The parish church of ST. JOHN THE
BAPTIST was entirely rebuilt (fn. 30) in the
14th-century style by Sir Gilbert Scott in
1843 and is a small building consisting of a chancel,
nave with a west bell-cote, south aisle, and north porch.
The walls are of ashlar stonework. The nave arcade is
of three bays.
The porch, of wood, has in its windows a number of
reset quarries of early-16th-century glass forming a
running pattern of foliage in yellow and made up with
The communion rails are of late-17th- or early-18thcentury gilded and painted wrought iron-work with
foliated terminal winged figures in the gates and, in the
side bays, two applied crowns with eagle-head crests.
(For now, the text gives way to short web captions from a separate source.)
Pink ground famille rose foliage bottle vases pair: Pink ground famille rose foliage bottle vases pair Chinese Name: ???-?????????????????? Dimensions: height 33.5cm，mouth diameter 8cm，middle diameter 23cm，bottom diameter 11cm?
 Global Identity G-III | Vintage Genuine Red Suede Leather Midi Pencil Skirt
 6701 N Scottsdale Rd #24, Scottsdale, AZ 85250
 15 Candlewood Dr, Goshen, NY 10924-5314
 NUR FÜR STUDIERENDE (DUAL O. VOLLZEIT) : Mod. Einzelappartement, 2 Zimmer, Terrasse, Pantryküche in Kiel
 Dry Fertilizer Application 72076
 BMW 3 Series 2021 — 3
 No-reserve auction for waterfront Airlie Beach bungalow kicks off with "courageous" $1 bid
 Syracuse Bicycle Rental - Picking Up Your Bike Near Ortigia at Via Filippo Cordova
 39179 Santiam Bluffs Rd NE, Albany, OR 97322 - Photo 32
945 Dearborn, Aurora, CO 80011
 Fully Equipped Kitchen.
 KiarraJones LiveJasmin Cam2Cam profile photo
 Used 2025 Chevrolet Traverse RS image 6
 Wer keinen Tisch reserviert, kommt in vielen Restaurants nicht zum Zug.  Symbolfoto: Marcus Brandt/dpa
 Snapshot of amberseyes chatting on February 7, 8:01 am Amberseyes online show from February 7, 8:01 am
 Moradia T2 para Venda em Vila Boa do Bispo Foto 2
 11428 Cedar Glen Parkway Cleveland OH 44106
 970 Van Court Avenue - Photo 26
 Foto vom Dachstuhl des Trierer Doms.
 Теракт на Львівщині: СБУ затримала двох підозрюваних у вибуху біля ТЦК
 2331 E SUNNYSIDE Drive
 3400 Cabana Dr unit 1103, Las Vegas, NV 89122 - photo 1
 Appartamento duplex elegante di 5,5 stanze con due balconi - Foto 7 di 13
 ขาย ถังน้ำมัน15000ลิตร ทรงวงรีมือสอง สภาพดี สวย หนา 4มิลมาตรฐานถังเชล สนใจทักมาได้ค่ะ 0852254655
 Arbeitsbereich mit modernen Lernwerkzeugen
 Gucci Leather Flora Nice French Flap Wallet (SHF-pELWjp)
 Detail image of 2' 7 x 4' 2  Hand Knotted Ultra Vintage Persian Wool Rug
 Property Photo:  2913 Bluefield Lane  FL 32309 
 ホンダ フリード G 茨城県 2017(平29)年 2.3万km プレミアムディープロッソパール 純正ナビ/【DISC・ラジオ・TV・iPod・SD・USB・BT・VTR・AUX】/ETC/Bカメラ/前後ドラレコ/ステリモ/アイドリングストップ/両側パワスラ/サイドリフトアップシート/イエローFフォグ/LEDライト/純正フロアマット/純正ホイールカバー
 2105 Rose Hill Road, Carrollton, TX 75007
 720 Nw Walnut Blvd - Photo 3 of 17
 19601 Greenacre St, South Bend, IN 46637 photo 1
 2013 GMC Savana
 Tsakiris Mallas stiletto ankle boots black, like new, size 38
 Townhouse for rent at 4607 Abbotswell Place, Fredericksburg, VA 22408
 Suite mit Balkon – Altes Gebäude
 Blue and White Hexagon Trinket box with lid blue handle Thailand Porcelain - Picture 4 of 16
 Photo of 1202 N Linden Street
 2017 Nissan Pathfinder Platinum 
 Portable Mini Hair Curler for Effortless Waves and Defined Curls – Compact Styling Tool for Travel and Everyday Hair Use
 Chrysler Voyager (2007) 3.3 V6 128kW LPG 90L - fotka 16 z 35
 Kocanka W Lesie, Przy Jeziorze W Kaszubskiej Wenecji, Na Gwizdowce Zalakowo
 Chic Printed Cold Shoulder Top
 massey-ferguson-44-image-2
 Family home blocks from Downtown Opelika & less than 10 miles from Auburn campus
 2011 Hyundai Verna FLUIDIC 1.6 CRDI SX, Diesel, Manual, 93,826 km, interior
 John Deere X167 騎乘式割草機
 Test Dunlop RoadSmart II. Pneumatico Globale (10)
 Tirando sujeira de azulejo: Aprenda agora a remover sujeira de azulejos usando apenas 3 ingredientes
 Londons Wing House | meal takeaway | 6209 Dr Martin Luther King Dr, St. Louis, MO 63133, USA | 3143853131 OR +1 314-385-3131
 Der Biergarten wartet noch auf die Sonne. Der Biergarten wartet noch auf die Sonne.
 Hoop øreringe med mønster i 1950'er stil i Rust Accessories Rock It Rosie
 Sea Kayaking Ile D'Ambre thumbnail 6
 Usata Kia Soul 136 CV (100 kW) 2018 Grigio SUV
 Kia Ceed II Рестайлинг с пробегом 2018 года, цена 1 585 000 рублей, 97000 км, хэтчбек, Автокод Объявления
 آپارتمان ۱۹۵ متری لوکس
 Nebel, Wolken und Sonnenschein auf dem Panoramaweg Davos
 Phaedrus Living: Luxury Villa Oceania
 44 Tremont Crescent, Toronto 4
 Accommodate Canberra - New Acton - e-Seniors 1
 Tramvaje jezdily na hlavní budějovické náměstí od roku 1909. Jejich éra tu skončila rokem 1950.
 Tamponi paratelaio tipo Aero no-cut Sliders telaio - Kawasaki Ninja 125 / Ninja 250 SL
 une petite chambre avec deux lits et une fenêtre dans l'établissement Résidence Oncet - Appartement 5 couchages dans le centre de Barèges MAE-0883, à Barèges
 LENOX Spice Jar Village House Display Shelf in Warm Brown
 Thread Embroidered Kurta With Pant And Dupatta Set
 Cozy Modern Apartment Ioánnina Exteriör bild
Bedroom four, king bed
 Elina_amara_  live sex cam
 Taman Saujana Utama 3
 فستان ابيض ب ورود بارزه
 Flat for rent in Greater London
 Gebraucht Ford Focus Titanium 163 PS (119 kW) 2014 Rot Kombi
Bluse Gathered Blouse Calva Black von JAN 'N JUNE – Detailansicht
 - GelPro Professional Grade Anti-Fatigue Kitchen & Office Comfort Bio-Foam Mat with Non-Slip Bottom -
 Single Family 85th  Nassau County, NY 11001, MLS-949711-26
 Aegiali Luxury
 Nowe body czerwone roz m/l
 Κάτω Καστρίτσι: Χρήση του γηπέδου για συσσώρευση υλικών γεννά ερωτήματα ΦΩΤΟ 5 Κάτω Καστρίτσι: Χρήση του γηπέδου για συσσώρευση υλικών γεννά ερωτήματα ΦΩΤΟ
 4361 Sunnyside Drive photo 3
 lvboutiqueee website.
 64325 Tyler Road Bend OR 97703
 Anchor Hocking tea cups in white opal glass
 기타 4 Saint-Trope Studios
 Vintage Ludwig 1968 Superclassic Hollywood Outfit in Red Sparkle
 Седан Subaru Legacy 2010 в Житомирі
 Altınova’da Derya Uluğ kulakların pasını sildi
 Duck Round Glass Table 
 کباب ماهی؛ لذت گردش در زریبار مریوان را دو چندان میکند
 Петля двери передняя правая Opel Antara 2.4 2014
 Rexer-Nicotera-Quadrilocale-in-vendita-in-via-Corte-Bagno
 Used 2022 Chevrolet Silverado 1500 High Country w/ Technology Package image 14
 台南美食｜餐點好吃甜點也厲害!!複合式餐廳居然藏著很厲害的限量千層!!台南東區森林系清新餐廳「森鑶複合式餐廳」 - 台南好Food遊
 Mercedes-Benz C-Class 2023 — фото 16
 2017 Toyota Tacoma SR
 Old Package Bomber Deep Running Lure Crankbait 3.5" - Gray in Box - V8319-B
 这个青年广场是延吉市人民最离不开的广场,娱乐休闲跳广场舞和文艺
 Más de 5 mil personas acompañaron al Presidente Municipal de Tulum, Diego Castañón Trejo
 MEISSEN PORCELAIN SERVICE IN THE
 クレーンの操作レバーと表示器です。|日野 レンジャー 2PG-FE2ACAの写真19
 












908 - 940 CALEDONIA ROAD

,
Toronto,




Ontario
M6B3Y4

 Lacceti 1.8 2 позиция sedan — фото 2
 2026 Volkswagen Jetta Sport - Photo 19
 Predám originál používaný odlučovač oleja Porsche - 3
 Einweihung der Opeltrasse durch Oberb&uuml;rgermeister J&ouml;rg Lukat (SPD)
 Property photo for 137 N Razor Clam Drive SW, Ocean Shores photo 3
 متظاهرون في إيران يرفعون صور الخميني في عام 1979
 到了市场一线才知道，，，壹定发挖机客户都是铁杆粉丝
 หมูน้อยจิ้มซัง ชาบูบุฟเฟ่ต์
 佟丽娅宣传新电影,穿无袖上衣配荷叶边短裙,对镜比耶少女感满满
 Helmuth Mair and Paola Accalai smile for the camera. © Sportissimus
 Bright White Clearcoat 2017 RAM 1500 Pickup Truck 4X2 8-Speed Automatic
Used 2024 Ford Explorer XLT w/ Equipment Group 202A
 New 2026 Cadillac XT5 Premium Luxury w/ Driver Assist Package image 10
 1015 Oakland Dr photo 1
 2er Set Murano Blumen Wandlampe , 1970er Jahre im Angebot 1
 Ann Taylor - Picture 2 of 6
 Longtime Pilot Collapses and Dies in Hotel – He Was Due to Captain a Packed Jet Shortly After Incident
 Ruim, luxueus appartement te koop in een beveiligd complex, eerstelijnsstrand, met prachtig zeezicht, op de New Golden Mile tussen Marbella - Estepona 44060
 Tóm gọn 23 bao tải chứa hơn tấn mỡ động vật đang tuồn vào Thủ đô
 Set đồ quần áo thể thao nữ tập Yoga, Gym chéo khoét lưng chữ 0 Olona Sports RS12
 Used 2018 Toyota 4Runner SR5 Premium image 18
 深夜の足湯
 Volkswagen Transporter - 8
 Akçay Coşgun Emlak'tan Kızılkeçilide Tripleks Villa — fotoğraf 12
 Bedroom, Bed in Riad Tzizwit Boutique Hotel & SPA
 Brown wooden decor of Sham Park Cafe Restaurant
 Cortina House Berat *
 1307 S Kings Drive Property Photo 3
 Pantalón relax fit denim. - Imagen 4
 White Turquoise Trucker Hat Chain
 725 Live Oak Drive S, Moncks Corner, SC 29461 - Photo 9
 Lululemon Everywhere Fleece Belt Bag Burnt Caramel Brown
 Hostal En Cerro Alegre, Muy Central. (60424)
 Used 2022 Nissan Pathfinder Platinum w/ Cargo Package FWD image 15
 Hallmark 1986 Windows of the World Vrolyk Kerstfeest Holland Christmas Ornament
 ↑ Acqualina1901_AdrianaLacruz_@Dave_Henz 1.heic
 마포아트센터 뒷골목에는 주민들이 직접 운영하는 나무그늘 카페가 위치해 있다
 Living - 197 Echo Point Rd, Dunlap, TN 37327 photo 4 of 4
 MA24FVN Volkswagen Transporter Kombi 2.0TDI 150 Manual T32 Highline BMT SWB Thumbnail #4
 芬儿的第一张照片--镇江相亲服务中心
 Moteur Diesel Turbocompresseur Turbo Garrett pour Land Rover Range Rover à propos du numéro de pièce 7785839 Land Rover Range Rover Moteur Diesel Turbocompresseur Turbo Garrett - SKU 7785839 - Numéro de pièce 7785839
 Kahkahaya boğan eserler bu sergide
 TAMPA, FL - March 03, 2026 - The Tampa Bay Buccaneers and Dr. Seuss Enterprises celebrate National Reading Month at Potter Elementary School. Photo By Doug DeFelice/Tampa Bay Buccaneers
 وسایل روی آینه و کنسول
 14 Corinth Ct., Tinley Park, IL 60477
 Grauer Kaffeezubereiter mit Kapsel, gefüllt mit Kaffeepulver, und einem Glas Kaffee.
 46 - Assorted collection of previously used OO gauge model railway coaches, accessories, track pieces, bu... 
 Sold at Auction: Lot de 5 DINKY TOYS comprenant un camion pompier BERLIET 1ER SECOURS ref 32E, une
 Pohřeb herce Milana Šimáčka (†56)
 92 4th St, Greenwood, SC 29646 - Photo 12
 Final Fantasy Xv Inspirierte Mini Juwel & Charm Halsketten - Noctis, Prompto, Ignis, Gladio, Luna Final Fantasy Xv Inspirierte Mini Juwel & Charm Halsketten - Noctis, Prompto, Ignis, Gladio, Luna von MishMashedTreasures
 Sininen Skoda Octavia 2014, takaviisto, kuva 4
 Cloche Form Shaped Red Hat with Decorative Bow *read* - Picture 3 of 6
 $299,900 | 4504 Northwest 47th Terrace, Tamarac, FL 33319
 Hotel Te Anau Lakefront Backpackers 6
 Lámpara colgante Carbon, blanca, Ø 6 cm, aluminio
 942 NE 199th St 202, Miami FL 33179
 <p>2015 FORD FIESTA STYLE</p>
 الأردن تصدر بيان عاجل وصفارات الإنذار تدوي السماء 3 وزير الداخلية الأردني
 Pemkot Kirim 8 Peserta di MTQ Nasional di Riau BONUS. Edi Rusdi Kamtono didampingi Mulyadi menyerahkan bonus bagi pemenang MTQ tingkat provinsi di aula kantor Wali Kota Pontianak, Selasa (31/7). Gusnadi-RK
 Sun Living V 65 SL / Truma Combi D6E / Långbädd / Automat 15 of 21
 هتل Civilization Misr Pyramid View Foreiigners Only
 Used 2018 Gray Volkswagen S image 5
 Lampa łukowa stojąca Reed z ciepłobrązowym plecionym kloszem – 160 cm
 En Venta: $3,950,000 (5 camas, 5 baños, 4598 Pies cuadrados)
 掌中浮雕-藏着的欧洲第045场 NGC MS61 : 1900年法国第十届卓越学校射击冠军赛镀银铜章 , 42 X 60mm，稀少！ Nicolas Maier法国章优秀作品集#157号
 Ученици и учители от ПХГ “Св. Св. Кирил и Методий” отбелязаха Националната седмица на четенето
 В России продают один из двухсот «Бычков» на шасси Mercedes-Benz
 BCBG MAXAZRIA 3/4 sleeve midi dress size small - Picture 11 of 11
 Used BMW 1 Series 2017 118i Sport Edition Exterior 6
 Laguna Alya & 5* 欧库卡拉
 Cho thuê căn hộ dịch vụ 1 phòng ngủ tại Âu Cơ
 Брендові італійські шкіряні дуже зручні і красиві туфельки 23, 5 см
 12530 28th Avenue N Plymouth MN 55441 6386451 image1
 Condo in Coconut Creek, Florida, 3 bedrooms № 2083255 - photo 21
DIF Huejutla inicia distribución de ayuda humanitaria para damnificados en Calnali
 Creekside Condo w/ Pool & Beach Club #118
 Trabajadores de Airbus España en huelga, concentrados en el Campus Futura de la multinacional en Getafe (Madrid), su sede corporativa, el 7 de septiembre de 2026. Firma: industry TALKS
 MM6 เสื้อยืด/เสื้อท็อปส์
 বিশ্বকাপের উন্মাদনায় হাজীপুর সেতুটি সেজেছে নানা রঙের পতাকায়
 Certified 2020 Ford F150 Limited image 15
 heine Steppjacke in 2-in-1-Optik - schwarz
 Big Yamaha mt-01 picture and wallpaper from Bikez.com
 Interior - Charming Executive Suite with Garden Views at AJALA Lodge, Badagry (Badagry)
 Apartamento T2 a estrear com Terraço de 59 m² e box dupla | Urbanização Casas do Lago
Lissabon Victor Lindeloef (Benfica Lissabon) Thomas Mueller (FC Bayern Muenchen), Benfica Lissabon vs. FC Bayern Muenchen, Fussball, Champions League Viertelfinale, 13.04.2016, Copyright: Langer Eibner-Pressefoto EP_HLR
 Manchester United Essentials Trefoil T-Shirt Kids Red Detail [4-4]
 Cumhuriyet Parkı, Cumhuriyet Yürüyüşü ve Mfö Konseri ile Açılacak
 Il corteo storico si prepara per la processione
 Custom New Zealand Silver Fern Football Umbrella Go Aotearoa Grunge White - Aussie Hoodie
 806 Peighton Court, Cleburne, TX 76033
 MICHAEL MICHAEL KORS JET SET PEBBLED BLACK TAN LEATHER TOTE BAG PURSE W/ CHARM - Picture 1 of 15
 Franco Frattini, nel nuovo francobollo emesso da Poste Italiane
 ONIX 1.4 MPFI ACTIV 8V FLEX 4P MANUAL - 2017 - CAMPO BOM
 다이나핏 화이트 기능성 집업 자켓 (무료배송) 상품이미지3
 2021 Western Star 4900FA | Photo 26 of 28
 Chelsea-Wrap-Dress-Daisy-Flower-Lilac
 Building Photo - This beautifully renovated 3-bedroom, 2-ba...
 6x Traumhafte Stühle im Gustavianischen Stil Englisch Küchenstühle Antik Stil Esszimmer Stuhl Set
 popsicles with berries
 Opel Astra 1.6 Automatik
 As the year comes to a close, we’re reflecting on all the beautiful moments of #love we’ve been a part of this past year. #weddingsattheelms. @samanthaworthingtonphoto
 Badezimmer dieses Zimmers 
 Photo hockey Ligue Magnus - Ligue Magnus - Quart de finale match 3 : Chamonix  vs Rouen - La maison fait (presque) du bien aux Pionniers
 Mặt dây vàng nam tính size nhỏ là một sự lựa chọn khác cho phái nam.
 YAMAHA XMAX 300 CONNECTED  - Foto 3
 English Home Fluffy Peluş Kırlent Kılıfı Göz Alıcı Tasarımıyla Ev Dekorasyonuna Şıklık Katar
The pulpit is modern but incorporates six early18th-century carved panels of foreign workmanship. They include the Baptism, the temptation of
Adam and Eve, the sacrifice of Isaac, an angel receiving
a bearded man, and a figure of Charity with a woman
and child, all with cherubs' heads above and below the
subjects. The sixth (western) panel has a diaper
At the east end of the aisle is a late-17th-century
oak-framed chest with strap-hinges and two lockplates having swivelled strap key-hole escutcheons.
On the north wall of the nave near the entrance is
a brass plate inscribed with a verse of twelve lines to
'honest Henry Collins', 27 May 1664.
There are several 18th- and 19th-century graveslabs.
Of the two bells one is by Henry Bagley, 1638; the
other is dated 1817. (fn. 31)
The communion plate includes an Elizabethan cup,
dated 1571, of the usual type of that period, with paten
cover; a flagon of 1732; and an alms dish of 1754,
given to the church in 1842. (fn. 32)
The registers begin in 1546.
The church was definitely stated
to be a chapel of Hampton Lucy in
1279, (fn. 33) and the patronage of the vicarage has continued to the present day in the hands of the
rector of Hampton. (fn. 34) In 1535 the vicar of the 'parish
church' of Wasperton had £5 a year, of which £4 was
paid by the rector of Hampton. (fn. 35)
The Rev. George Hammond by will
dated 3 Feb. 1755 gave to the rector
and churchwardens of Hampton Lucy,
to the vicar of Alveston, and to the vicar of Wasperton
£400, the interest to be distributed to eight poor men
or women of Hampton Lucy and to four poor men or
women of Alveston and Wasperton who should frequent the communion of the Church of England at
least four times a year. The share of the charity applicable to Wasperton is now represented by £4 14s. 8d.,
annually in dividends.
Mrs. Alice Hammond, widow of George Hammond,
by her will dated 2 Jan. 1778 gave to the vicar and
churchwardens of Wasperton a sum of £100, the income to be given to the poor of the parish. The endowment now produces an annual income of £4 12s.
The two charities are distributed together in accordance with the trusts.